» Activity
From the records below, transcribe only the lines running from the one with "有摆在舒适内部的长的黑发的孕妇 库存图片. 图片" through the one with "TAB N SHIFT（タブアンドシフト）の「Bella". Keep both of those end lines.

------------------------------------------------------------------------

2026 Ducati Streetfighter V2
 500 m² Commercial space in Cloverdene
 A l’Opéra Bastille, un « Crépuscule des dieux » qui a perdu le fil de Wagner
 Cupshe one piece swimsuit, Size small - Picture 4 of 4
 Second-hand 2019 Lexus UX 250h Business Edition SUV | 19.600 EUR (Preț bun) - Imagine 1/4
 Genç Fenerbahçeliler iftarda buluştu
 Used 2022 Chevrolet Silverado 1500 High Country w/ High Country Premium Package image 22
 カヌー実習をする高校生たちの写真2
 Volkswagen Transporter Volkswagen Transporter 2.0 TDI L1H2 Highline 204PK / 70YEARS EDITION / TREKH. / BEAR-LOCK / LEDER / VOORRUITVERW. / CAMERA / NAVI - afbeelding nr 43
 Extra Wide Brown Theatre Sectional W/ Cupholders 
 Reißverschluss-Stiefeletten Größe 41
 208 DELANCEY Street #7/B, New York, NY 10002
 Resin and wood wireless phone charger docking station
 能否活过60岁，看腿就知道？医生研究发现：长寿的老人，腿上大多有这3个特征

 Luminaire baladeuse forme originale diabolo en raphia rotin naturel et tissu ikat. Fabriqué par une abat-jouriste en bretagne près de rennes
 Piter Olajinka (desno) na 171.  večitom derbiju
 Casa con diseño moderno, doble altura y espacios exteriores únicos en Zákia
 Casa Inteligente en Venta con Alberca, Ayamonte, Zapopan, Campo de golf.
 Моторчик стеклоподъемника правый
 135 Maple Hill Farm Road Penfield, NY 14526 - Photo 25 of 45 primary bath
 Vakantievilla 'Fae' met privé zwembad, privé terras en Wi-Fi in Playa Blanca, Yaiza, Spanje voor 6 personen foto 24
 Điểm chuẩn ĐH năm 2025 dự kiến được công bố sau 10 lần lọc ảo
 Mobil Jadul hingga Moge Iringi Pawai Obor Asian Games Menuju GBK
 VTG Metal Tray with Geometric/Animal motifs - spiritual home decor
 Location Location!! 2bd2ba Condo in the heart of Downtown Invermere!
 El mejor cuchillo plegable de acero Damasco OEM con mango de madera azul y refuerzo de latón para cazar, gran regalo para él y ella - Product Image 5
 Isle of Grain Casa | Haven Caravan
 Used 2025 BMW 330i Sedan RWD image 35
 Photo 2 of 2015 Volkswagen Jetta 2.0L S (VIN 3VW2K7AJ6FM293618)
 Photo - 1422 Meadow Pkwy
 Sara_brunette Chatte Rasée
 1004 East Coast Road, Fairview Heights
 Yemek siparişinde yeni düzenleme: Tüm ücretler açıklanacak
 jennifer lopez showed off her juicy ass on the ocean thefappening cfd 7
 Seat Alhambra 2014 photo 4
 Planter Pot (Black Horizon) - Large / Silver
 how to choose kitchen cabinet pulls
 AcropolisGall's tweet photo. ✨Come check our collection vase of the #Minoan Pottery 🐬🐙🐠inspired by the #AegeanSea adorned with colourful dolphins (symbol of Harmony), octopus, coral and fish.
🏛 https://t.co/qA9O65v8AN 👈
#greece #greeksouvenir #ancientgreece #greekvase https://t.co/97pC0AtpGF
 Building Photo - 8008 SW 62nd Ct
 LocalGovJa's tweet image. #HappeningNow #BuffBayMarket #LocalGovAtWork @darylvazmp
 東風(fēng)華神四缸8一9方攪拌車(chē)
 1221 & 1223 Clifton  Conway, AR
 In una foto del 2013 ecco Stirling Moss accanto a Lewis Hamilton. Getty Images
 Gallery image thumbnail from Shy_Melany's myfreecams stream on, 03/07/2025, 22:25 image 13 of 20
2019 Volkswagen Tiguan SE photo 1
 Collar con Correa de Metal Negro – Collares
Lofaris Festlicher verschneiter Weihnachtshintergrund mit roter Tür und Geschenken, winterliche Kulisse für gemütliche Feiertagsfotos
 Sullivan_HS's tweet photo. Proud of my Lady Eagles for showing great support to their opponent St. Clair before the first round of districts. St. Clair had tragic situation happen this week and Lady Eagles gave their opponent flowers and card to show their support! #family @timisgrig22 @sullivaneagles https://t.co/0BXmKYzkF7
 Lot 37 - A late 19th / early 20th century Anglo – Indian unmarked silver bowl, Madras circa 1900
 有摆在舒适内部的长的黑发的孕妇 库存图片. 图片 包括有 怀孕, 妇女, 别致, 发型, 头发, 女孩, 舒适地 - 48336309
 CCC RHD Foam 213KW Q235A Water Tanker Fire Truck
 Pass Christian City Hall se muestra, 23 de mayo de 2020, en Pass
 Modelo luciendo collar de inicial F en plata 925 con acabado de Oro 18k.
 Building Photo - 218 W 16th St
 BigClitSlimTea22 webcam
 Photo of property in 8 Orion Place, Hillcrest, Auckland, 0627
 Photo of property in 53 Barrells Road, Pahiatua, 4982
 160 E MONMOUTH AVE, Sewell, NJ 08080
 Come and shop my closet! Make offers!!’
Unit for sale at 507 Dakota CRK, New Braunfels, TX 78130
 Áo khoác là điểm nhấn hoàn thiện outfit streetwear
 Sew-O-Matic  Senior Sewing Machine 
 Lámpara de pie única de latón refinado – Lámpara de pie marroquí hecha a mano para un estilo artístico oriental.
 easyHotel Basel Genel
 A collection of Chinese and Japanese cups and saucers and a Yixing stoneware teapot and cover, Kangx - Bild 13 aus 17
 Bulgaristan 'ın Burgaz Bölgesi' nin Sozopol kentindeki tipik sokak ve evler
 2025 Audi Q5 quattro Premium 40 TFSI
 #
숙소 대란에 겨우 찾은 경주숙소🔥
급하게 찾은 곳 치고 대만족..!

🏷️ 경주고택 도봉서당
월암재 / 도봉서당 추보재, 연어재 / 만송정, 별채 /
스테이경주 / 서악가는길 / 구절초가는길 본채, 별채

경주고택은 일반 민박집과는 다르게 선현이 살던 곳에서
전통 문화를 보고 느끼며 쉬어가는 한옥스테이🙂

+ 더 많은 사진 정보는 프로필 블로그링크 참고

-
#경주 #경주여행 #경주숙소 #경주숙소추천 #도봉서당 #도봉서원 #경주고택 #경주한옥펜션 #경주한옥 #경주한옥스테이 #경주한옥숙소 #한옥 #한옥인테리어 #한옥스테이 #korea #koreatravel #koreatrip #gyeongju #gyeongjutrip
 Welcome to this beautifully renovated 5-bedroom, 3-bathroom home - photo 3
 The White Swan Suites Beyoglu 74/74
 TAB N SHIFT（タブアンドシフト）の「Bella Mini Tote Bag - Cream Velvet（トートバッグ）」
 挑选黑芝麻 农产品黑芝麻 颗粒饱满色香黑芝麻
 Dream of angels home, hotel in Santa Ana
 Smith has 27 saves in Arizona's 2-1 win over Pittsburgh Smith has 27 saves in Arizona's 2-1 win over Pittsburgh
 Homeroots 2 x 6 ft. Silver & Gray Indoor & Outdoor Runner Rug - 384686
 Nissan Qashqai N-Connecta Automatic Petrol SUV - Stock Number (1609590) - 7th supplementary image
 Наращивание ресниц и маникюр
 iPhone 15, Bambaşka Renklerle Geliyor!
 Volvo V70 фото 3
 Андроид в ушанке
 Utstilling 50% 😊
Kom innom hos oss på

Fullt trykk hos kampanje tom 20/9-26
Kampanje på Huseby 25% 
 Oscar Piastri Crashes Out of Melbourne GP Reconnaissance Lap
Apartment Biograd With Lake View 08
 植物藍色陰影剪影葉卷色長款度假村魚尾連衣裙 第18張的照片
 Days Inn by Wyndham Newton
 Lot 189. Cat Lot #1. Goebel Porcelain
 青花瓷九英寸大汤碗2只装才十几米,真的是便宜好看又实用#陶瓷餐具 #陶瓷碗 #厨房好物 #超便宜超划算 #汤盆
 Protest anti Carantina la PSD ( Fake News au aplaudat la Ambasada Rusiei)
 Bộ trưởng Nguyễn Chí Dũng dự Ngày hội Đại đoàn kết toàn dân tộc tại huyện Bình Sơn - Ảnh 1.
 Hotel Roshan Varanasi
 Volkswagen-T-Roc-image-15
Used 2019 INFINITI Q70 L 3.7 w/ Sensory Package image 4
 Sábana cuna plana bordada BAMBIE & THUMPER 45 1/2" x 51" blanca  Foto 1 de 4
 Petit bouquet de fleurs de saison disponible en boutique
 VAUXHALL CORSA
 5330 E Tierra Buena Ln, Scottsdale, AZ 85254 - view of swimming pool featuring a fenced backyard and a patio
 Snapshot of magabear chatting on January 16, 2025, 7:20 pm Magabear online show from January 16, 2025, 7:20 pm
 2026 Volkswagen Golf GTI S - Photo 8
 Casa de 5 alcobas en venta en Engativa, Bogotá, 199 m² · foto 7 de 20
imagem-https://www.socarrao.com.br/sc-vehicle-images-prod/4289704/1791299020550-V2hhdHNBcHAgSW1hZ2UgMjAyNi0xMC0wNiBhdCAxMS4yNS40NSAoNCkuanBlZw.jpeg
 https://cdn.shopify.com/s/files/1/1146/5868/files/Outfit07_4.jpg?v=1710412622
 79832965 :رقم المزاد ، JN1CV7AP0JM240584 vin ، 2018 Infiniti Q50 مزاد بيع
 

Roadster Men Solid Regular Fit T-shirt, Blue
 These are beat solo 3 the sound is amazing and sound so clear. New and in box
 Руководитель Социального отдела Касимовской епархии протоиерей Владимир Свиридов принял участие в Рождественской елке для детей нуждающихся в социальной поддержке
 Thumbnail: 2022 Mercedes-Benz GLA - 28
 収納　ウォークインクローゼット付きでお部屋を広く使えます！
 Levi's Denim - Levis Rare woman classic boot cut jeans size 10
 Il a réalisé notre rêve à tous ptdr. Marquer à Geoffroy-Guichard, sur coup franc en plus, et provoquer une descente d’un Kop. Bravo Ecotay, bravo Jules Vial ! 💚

------------------------------------------------------------------------

» Exercise result
 有摆在舒适内部的长的黑发的孕妇 库存图片. 图片 包括有 怀孕, 妇女, 别致, 发型, 头发, 女孩, 舒适地 - 48336309
 CCC RHD Foam 213KW Q235A Water Tanker Fire Truck
 Pass Christian City Hall se muestra, 23 de mayo de 2020, en Pass
 Modelo luciendo collar de inicial F en plata 925 con acabado de Oro 18k.
 Building Photo - 218 W 16th St
 BigClitSlimTea22 webcam
 Photo of property in 8 Orion Place, Hillcrest, Auckland, 0627
 Photo of property in 53 Barrells Road, Pahiatua, 4982
 160 E MONMOUTH AVE, Sewell, NJ 08080
 Come and shop my closet! Make offers!!’
Unit for sale at 507 Dakota CRK, New Braunfels, TX 78130
 Áo khoác là điểm nhấn hoàn thiện outfit streetwear
 Sew-O-Matic  Senior Sewing Machine 
 Lámpara de pie única de latón refinado – Lámpara de pie marroquí hecha a mano para un estilo artístico oriental.
 easyHotel Basel Genel
 A collection of Chinese and Japanese cups and saucers and a Yixing stoneware teapot and cover, Kangx - Bild 13 aus 17
 Bulgaristan 'ın Burgaz Bölgesi' nin Sozopol kentindeki tipik sokak ve evler
 2025 Audi Q5 quattro Premium 40 TFSI
 #
숙소 대란에 겨우 찾은 경주숙소🔥
급하게 찾은 곳 치고 대만족..!

🏷️ 경주고택 도봉서당
월암재 / 도봉서당 추보재, 연어재 / 만송정, 별채 /
스테이경주 / 서악가는길 / 구절초가는길 본채, 별채

경주고택은 일반 민박집과는 다르게 선현이 살던 곳에서
전통 문화를 보고 느끼며 쉬어가는 한옥스테이🙂

+ 더 많은 사진 정보는 프로필 블로그링크 참고

-
#경주 #경주여행 #경주숙소 #경주숙소추천 #도봉서당 #도봉서원 #경주고택 #경주한옥펜션 #경주한옥 #경주한옥스테이 #경주한옥숙소 #한옥 #한옥인테리어 #한옥스테이 #korea #koreatravel #koreatrip #gyeongju #gyeongjutrip
 Welcome to this beautifully renovated 5-bedroom, 3-bathroom home - photo 3
 The White Swan Suites Beyoglu 74/74
 TAB N SHIFT（タブアンドシフト）の「Bella Mini Tote Bag - Cream Velvet（トートバッグ）」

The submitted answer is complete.